In the pharma and medical device industries, providing quality, on-time submissions to local regulatory bodies is probably the single most important part of your business. Navigating the labyrinth of country-specific regulatory submissions can take weeks or even months.
At Lionbridge Life Sciences, we can help you provide on-time quality submissions to local regulatory bodies—every time. Our dedicated project management and language supply chain teams focus on two things for both pharma and medical device clients: Readiness and delivery.
Our Global Regulatory Solutions rely on a network of extremely qualified medical resources, each with years of direct experience working with local Health Authorities around the world (the European Medicines Agency [EMA], China’s SFDA, Japan’s PMDA, and South Korea’s KFDA, to name a few).
We adhere to validated certifications and rigorous methodologies to deliver high-quality regulatory translation services and strategy, while focusing on fast turnaround times to help you comply with the ever-changing, ever-challenging global regulatory environment.

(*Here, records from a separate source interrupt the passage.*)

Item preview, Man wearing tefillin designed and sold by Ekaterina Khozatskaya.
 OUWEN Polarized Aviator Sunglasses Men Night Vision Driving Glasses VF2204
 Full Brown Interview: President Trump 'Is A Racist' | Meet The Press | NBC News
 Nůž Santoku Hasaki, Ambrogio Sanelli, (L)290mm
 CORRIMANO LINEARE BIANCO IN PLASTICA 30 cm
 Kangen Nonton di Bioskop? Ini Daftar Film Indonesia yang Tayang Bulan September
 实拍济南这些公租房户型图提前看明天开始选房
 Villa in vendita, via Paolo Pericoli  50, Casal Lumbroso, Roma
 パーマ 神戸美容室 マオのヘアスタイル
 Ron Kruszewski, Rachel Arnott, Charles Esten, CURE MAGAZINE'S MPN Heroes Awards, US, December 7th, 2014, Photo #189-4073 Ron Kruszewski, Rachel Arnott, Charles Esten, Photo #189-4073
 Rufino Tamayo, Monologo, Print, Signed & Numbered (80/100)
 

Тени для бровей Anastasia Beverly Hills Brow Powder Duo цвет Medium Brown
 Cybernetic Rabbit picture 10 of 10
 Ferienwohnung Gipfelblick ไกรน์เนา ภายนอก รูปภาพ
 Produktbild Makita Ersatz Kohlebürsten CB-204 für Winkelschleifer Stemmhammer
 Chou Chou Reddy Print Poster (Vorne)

You can also take advantage of technology as a managed service, an easy-to-implement, flexible solution for multilingual asset management (translation memories, glossaries, style guides), streamlined in-country language review processes and integration with labeling, and other Content Management Solutions and authoring tools.
Lionbridge Life Sciences is ready for you in every way—ready to deploy fully integrated solutions with a proven, rigorous process. Ready to scale globally and deliver locally. Ready to provide the multilingual regulatory and subject matter expertise you need to stay ahead.